My room, although scattered with at least 5 mounted dead things, was really nice. I had two balconies that overlooked a full lake and blooming redbuds and tulips. I didn't go out to the balcony, mostly because there were more than a dozen mosquitoes looking through the window at me, pleading for me to open the door. The beds were comfortable and the pillows weren't too squishy -- but la pièce de résistance had to be the bathroom.

Specifically, the jet tub. The jet tub that was about 2 1/2 feet deep, 5 feet long, and 4 feet wide.

Do you remember the scene in Pretty Woman (1990) where Vivian (Julia Roberts) takes the hugest bubble bath since the beginning of time (while singing Prince)? That scene was my motivation, but my bath put it to shame.

It was wonderful, even other-worldly. And I emptied the entire bottle of hotel shower gel into the water so that I, too, could have the mountains of bubbles that cascaded over the side of the tub. It was so deep that I practically floated. It was hotter than the center of the sun. The lighting was perfect. It was the most glorious bath that I may have ever had in my life*, and the best part was that I knew I wouldn't have to be the one who had to wash the tub out afterwards.

On the drive back to OKC, the three of us talked about what we liked the most of the trip. I was eager to tell my bathtub story and was shocked to hear that neither of them took their equally heavenly tubs for a spin. Seriously. When I told them how absolutely heavenly it was with the bubbles and the moment and the floating and the wonderful quiet -- they admitted that they made a mistake by overlooking the prize in the room. I think they must have been distracted by the moose heads over the beds.
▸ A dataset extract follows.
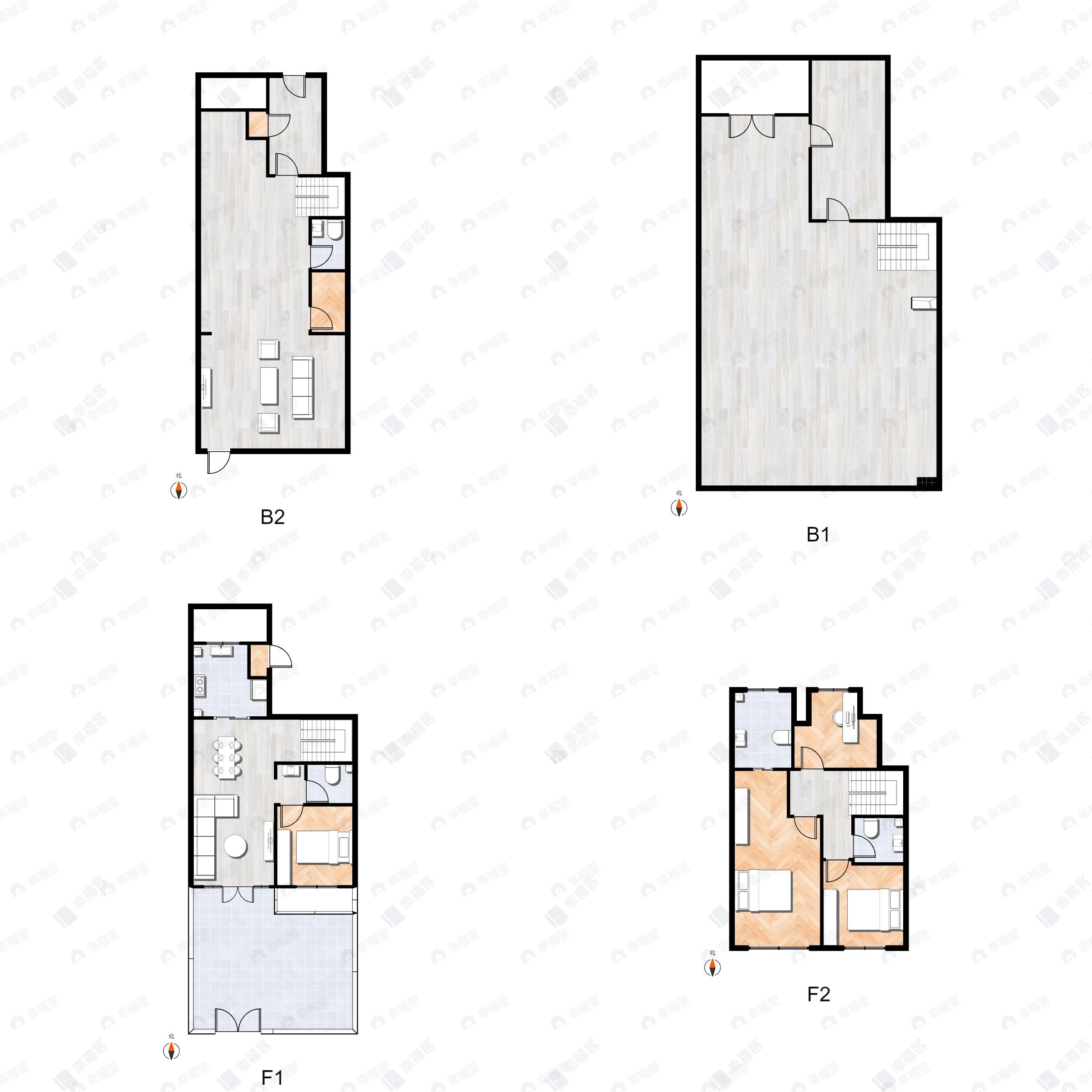 3室2厅4卫建面260平北|南户型图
And although we did spend lots of time together and tell lots of stories, I would hope that they remember my description of how peaceful and tranquil the bath was so that they will learn to take advantage of tubs they don't have to clean in the future. But they'll probably just remember that I was a 4-H chicken judger for two weeks when I was in middle school.

* The only thing the scene was missing was a cool glass of shiraz.

* By the way, if you live under a rock you may not know that the Lady Vols just scored their #8. Pat Summit is the bombdotcom. Wear that orange loud and proud, Vol fans! Cue up a chorus of Rocky Top for the ladies!